#### [BRIEF]
For the listing below, the answer is an exact retyping of the lines from the one with "SHSTONE Hot 925" through the one with "Saint Laurent Black", both included, without pictures.

#### [MATERIAL PROVIDED]
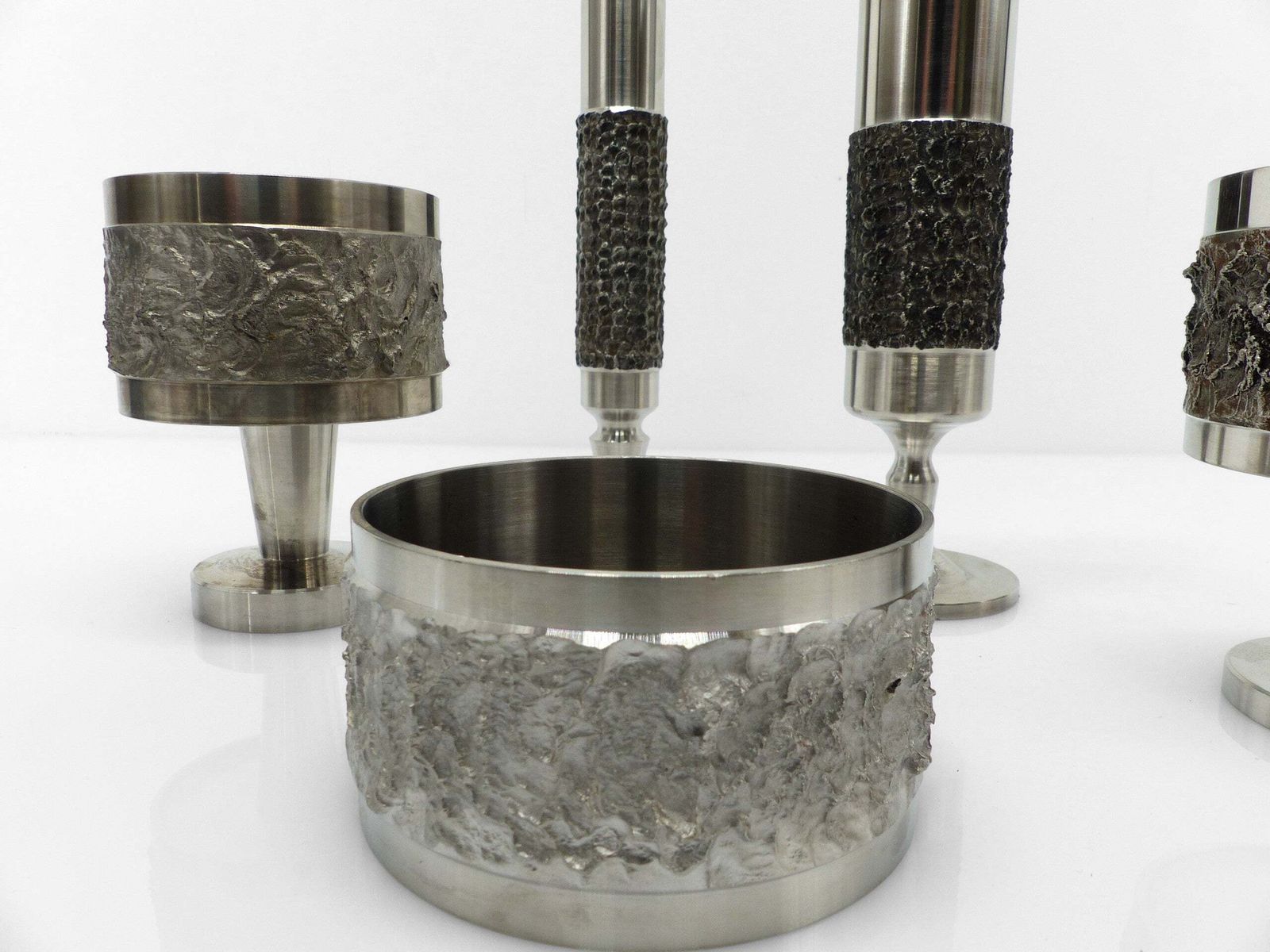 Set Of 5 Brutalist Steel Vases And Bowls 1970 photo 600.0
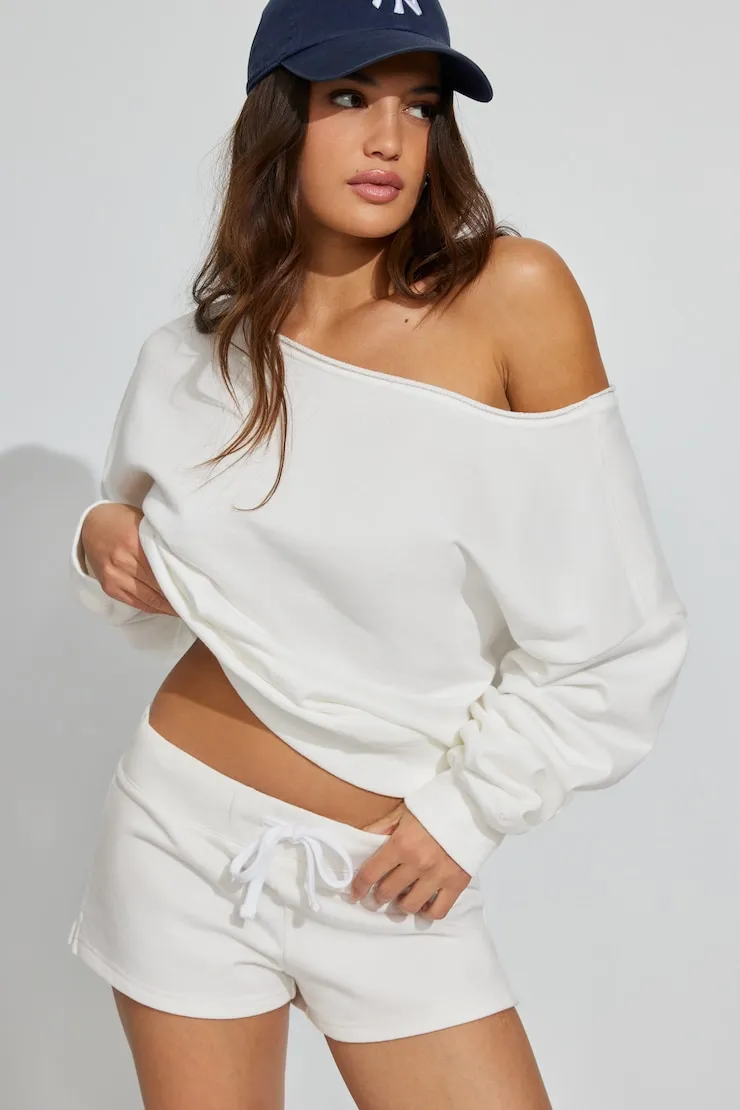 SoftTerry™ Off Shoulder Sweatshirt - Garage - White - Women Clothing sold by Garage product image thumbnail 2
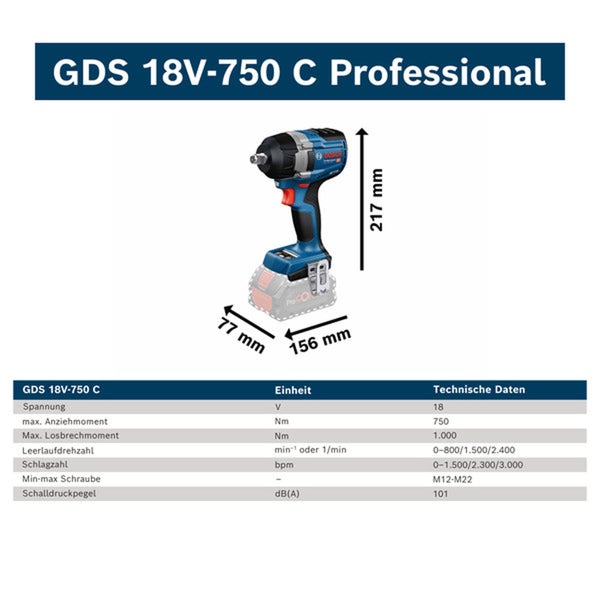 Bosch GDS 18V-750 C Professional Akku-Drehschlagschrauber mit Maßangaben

---

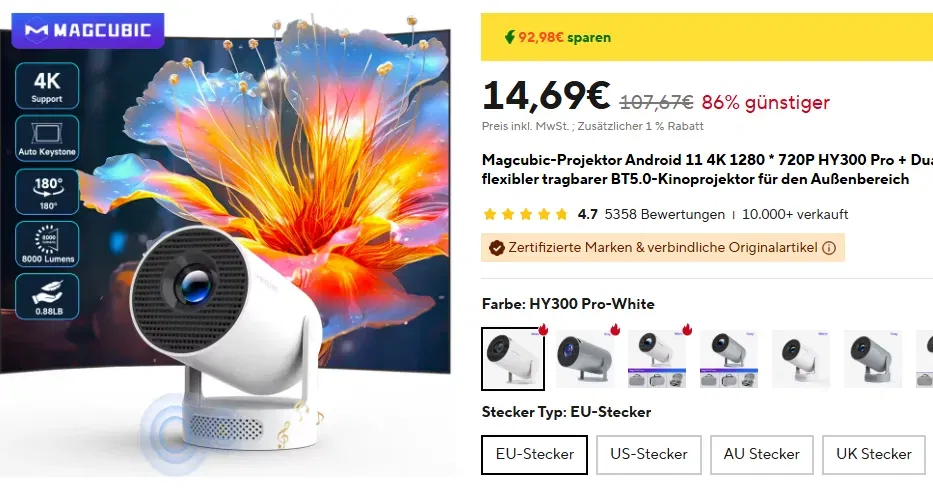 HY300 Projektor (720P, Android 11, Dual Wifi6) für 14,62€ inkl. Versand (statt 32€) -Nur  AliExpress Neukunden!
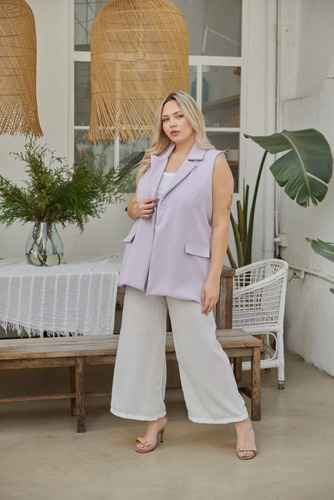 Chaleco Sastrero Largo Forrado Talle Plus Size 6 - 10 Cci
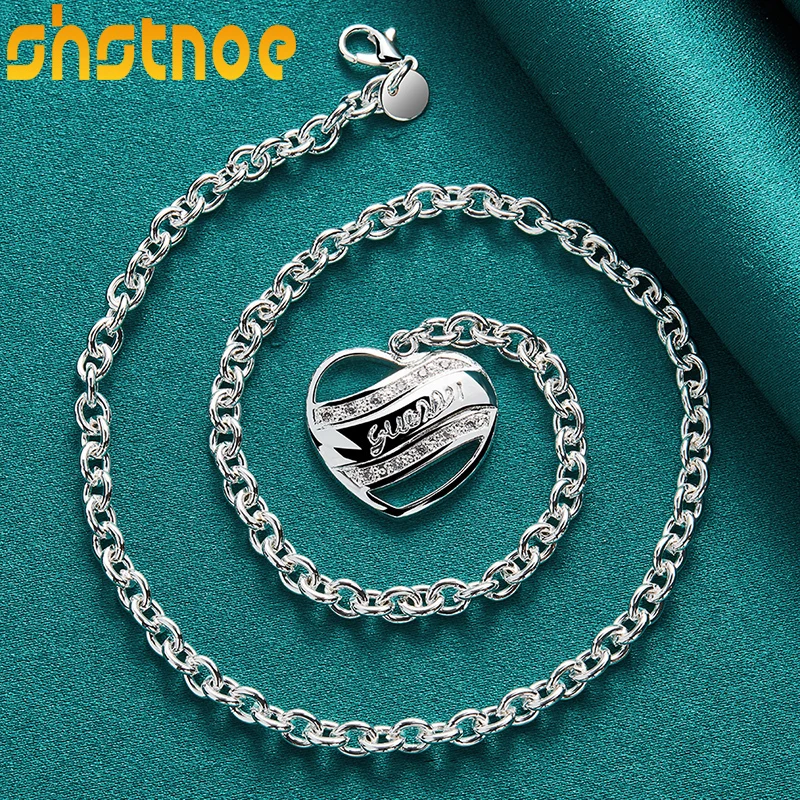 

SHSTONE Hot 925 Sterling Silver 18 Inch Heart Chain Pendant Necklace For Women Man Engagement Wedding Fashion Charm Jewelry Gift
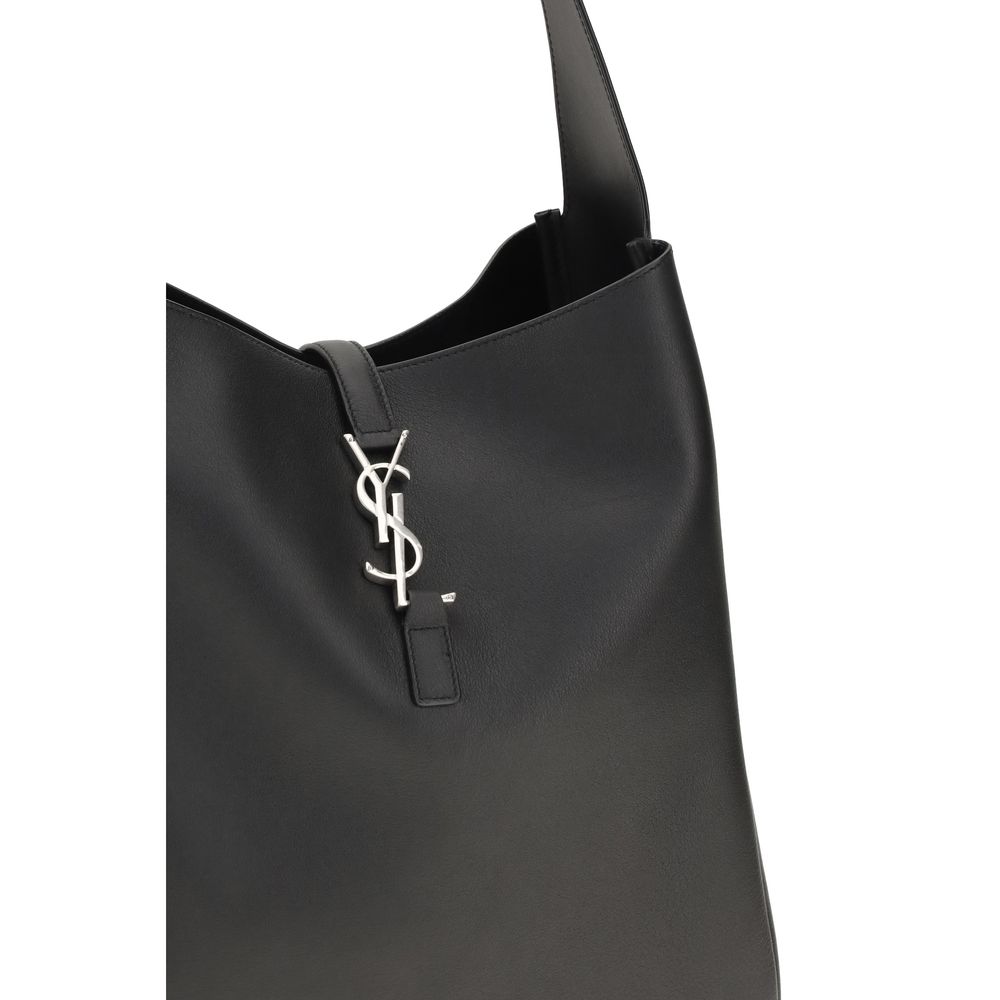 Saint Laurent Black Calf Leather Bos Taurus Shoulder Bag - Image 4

#### [FINISHED EXERCISE]
SHSTONE Hot 925 Sterling Silver 18 Inch Heart Chain Pendant Necklace For Women Man Engagement Wedding Fashion Charm Jewelry Gift
 Saint Laurent Black Calf Leather Bos Taurus Shoulder Bag - Image 4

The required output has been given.